* [WHAT TO WORK ON]
Copy the listing exactly as given. Omit every picture.

* [SOURCE DATA]

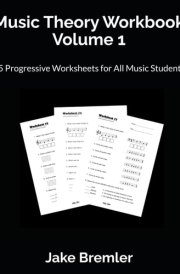 Music Theory Workbook Volume 1: 25 Progressive Worksheets for All Music Students cover image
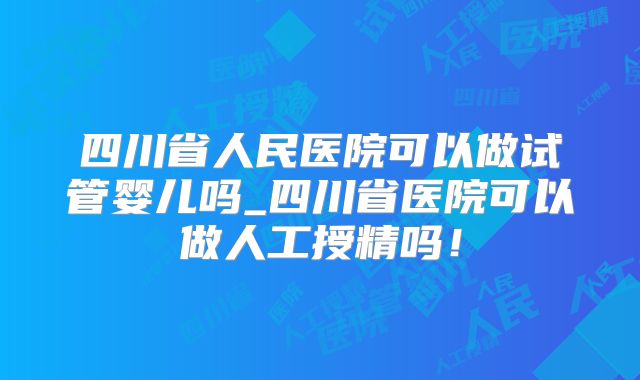 四川省人民医院可以做试管婴儿吗_四川省医院可以做人工授精吗！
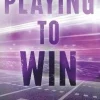 Playing To Win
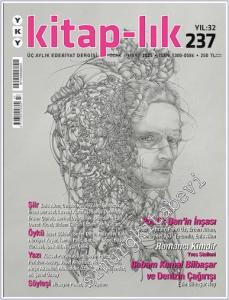Kitap-lık: İki Aylık Edebiyat Dergisi -  Poetik Ben'in İnşası - Sayı:  237      Ocak - Mart  2025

* [RESPONSE TO THE EXERCISE]
 Music Theory Workbook Volume 1: 25 Progressive Worksheets for All Music Students cover image
 四川省人民医院可以做试管婴儿吗_四川省医院可以做人工授精吗！
 Playing To Win
Kitap-lık: İki Aylık Edebiyat Dergisi -  Poetik Ben'in İnşası - Sayı:  237      Ocak - Mart  2025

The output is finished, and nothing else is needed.